Roger Danka and I headed south to Yuma County several hours before sunrise. I knew of three Greater Prairie-Chicken leks (past) that were close together. At the first two leks (south of Yuma), we found displaying Greater Prairie-Chickens. The third was empty; however, there was no way to know if this was because of our late arrival, or no visiting birds.

Afterwards, we continued to Bonny Reservoir and Hale Ponds (Yuma). Red-bellied Woodpeckers were found along the road that runs parallel to the southern shore of Bonny Reservoir. This road in now walk in only. Wild Turkey tracks alerted us to their presence before 3 walked out of the windbreak along the road.
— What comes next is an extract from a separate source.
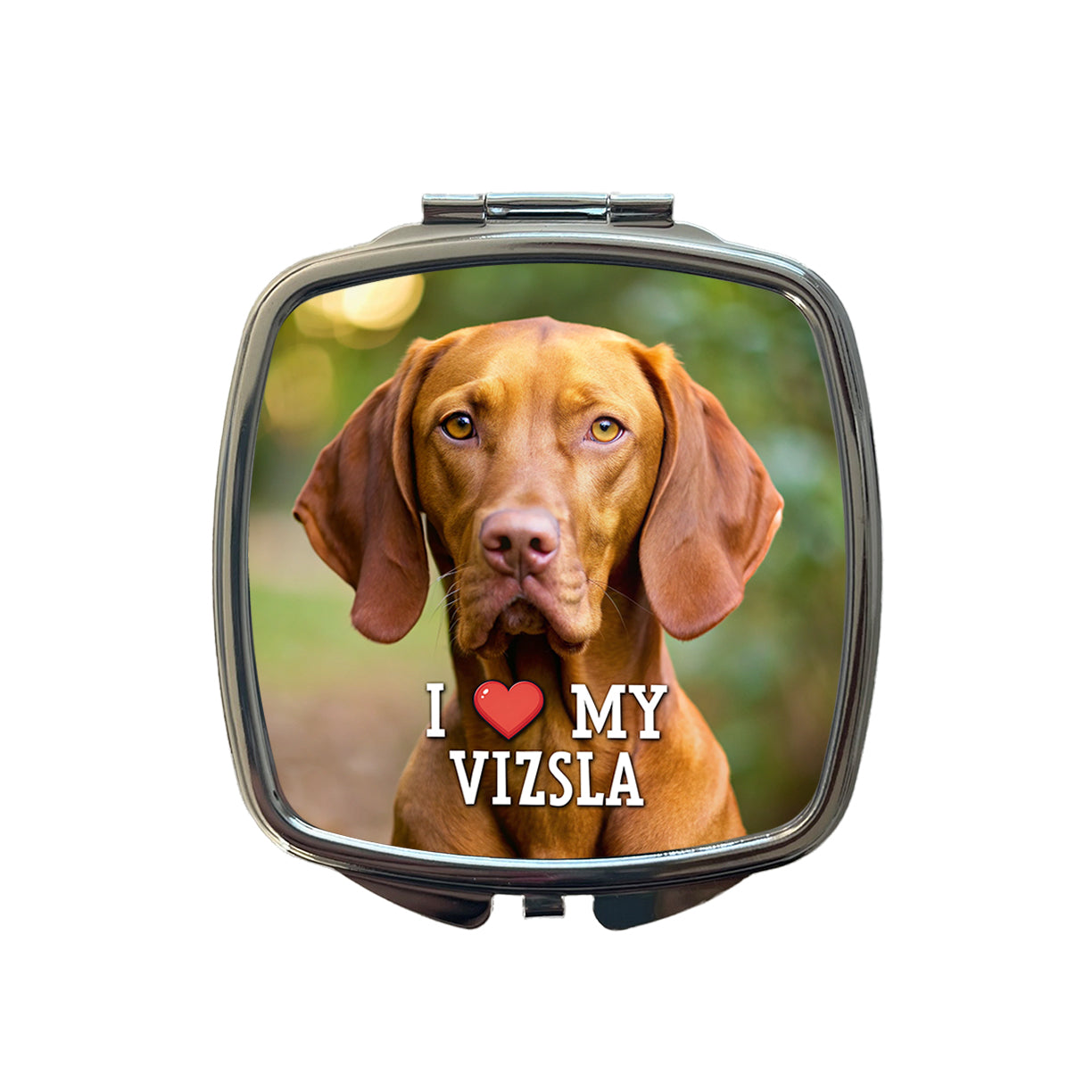 I Love My Vizsla Dog Heart Small Travel Purse Handbag Pocket Makeup Compact Mirror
Bonny Reservoir is in bad shape. Talk is that it will soon be re-designated a Wildlife Area instead of a State Park. This perhaps is not bad news for birds and birders. Fewer visitors (used to modern facilities) will result in fewer disturbances of habitat and animal populations.

Another pair of Red-bellied Woodpeckers and five Eastern Bluebirds were found at the east end of Hale Ponds. The Hale windbreak where Long-eared Owls have wintered in the past has taken quite a hit from winds and drought.

We visited an old friend in nearby Kansas and then swung around a little north back into Colorado. Two ranchers were found that do have Greater Prairie-Chicken leks on their properties! It was not necessary for us to visit the sites; we just wanted them marked for history.

At dusk, we sat near another lek that had birds in 2008 & 2009. None came by this evening. We returned to Julesburg, but first drove south back through Hale Ponds Wildlife Area and Bonny Reservoir.

It was too early for Common Poorwill or Common Nighthawks, however we looked anyway; without success. Both the Eastern Screech-Owls at Hale Ponds and the western end of Bonny Reservoir responded to our recordings!